+++ RECORDED DATA
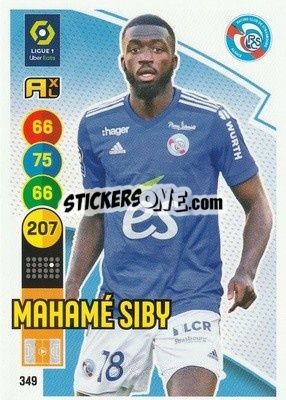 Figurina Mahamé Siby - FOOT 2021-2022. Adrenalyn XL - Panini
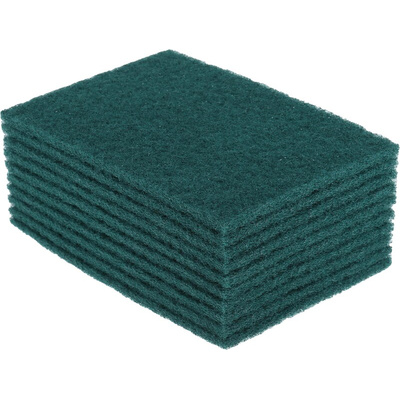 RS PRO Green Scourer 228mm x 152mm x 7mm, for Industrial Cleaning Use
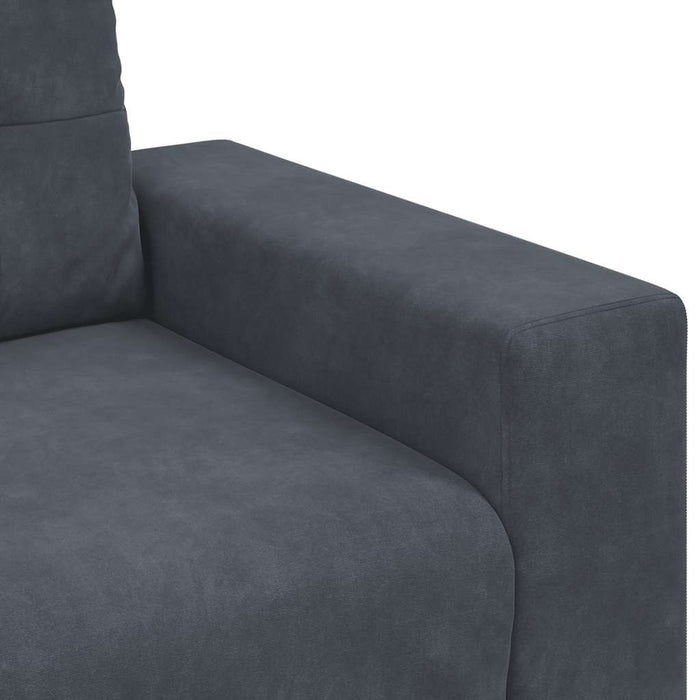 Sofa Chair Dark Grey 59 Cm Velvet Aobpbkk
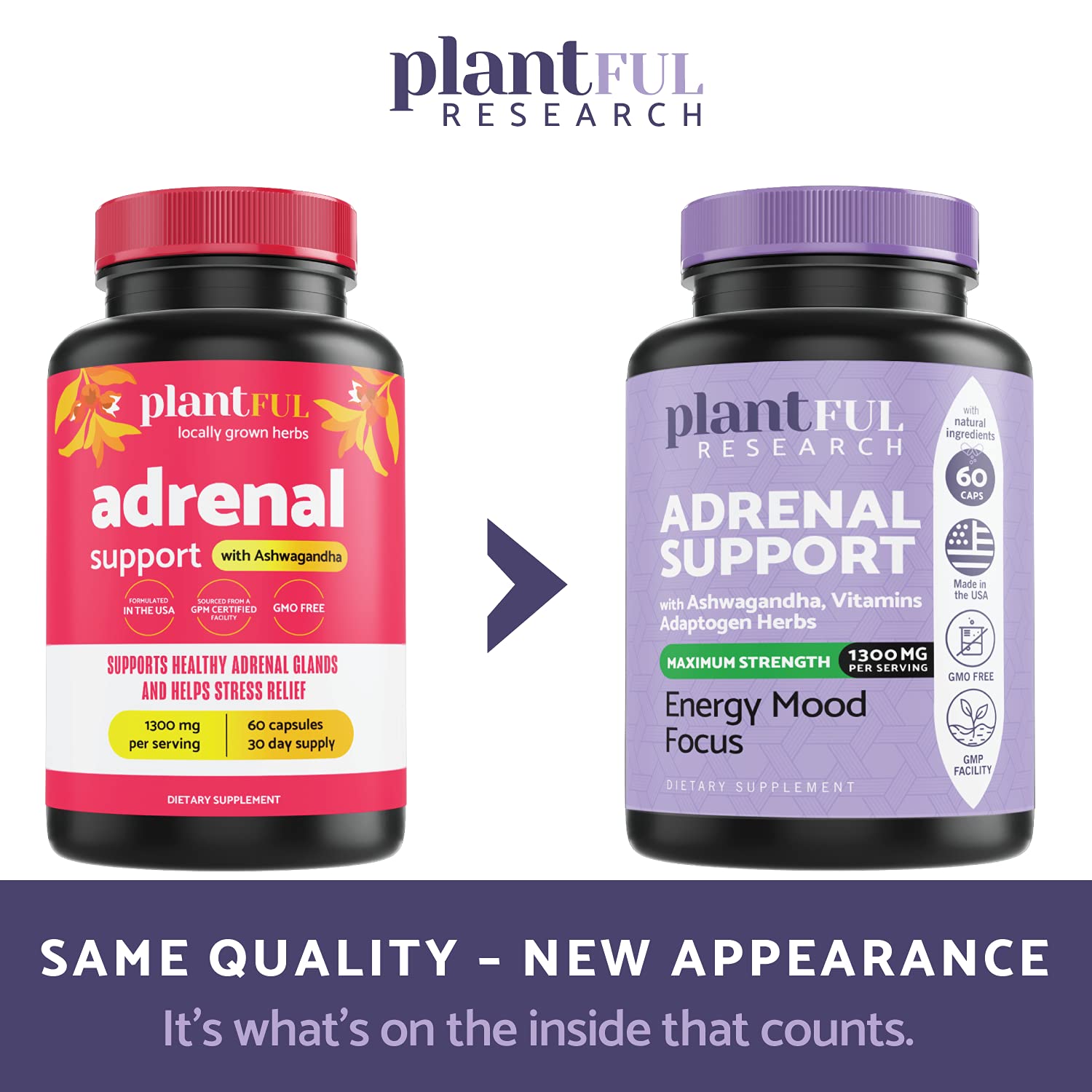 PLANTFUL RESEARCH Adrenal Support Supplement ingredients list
++++++
* TASK REQUIREMENTS: Please give back the material above exactly as written, pictures omitted.

* ANSWER TO THE PROBLEM:
 Figurina Mahamé Siby - FOOT 2021-2022. Adrenalyn XL - Panini
 RS PRO Green Scourer 228mm x 152mm x 7mm, for Industrial Cleaning Use
 Sofa Chair Dark Grey 59 Cm Velvet Aobpbkk
 PLANTFUL RESEARCH Adrenal Support Supplement ingredients list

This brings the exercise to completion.